PR News: What’s one of the biggest mistakes PR pros make when trying to engage journalists through social media?

Neary: One mistake I see is PR professionals thinking engaging through social media is a substitute for human relationships.

PR News: What important media relations trends do you foresee in the near future?

Neary: Traditional media is shrinking, so we'll see more companies striving to be the actual news source. Our definition of media has to expand so that we think of anyone with at least one friend as a form of the media, potentially able to share news. Companies will provide more effective resources that people can share among their circles of friends. News networks and content aggregators will adapt to include news from companies. 

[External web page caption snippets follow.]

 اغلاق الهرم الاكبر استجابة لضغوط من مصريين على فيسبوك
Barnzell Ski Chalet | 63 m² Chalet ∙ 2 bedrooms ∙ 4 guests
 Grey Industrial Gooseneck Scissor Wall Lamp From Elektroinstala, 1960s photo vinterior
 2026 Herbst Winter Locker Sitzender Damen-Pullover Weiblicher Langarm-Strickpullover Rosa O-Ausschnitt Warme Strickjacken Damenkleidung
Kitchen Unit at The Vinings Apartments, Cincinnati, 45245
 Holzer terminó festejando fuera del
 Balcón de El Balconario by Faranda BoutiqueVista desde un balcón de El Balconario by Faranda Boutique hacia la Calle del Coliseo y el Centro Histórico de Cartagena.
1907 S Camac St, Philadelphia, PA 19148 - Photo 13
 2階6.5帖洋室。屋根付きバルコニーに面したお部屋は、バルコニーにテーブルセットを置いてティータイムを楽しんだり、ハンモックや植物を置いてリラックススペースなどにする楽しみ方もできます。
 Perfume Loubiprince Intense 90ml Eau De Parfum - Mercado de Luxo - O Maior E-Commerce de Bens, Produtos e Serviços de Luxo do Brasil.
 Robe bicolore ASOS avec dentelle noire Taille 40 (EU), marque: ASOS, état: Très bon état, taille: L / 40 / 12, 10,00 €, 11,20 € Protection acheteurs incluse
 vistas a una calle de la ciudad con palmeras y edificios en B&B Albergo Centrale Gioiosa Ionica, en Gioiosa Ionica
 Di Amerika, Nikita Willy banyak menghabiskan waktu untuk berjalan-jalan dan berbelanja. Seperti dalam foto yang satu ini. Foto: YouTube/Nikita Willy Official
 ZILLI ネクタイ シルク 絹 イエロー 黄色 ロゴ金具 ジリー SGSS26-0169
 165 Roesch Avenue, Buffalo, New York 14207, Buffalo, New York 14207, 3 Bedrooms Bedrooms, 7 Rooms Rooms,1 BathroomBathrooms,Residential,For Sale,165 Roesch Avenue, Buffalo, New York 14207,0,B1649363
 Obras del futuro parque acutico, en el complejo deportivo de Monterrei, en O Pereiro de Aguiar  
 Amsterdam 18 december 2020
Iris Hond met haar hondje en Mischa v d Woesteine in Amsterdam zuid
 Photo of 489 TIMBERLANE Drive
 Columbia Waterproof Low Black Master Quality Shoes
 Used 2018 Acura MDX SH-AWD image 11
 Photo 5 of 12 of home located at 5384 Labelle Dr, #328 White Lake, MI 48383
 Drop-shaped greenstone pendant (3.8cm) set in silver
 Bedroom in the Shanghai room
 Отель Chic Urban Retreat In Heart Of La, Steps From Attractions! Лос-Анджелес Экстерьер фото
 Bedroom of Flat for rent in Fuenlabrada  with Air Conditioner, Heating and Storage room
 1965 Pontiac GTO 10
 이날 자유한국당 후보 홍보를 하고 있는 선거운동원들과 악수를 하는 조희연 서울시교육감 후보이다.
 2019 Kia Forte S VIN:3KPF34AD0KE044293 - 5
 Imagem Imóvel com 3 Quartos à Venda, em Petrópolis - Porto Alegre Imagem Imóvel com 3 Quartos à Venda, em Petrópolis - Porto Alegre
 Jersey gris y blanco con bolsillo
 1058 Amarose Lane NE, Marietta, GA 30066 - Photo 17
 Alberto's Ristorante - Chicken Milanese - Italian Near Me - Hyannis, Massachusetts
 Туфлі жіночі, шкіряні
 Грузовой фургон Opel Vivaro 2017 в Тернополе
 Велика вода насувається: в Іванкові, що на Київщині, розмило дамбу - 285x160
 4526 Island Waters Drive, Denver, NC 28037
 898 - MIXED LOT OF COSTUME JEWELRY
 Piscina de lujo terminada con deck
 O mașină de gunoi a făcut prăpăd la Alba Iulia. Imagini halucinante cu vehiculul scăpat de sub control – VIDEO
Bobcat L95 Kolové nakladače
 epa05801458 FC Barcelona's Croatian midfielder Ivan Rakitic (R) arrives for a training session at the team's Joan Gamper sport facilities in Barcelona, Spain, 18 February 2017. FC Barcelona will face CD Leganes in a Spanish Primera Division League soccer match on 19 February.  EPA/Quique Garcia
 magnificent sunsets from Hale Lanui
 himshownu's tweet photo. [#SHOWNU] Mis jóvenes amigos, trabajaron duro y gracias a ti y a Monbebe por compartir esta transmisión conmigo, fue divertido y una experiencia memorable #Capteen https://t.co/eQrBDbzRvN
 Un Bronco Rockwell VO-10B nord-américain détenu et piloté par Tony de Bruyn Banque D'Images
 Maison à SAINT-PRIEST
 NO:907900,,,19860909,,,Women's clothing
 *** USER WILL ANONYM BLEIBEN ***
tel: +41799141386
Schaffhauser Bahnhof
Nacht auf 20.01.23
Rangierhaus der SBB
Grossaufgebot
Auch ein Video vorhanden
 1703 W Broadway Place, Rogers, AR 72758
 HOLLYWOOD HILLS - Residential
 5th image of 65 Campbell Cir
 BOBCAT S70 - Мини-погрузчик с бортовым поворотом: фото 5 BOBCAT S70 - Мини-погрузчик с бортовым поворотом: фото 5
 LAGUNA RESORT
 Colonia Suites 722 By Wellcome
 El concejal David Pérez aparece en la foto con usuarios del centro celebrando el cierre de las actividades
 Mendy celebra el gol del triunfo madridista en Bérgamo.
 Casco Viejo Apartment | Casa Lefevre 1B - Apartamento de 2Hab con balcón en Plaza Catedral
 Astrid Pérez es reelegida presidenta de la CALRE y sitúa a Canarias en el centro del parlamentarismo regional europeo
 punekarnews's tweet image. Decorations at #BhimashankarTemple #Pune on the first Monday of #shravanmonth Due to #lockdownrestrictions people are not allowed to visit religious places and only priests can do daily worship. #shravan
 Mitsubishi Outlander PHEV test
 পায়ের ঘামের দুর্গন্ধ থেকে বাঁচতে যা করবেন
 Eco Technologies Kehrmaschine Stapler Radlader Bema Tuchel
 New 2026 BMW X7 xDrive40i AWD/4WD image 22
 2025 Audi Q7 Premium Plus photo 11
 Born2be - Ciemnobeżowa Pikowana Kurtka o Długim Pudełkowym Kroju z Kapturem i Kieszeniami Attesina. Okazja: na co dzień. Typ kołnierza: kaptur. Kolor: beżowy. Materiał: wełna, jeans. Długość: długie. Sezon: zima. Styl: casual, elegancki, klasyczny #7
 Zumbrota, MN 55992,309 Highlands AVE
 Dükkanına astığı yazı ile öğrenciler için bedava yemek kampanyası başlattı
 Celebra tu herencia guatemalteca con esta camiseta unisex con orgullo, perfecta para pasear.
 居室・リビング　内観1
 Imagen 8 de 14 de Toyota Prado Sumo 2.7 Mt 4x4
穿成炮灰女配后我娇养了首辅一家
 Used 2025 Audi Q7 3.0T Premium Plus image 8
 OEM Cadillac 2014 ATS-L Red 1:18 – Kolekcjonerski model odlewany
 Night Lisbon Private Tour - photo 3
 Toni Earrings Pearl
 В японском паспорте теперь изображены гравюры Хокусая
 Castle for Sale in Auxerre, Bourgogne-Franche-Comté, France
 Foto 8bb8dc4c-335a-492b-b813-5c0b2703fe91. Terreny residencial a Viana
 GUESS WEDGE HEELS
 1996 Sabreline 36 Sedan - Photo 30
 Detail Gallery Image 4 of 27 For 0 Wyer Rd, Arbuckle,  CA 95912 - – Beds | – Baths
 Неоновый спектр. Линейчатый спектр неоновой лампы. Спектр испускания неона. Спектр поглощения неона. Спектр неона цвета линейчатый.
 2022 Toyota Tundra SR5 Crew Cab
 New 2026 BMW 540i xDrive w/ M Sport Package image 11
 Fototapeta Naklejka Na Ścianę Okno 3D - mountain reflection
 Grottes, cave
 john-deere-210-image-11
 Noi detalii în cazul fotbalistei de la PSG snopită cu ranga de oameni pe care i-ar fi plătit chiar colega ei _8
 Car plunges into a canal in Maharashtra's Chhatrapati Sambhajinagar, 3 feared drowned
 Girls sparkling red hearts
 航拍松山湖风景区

At some point, people wearing Google glasses (or other technologies) are going to be able to look at a store or product and immediately see what all their friends and other contacts think of that product or store. Companies will want to be part of that conversation as a resource, to reinforce, to respond and/or to listen.

PR News: What’s one key tip you’ll offer attendees at PR News' Big 3 Conference on August 9?

Neary: Don't rely on just one platform; you are more useful—and being useful is key—when you can offer layered points of entry to information.

Attend PR News’ Big 3 Conference on August 9 in San Francisco and learn more from social media leaders like Walter Neary.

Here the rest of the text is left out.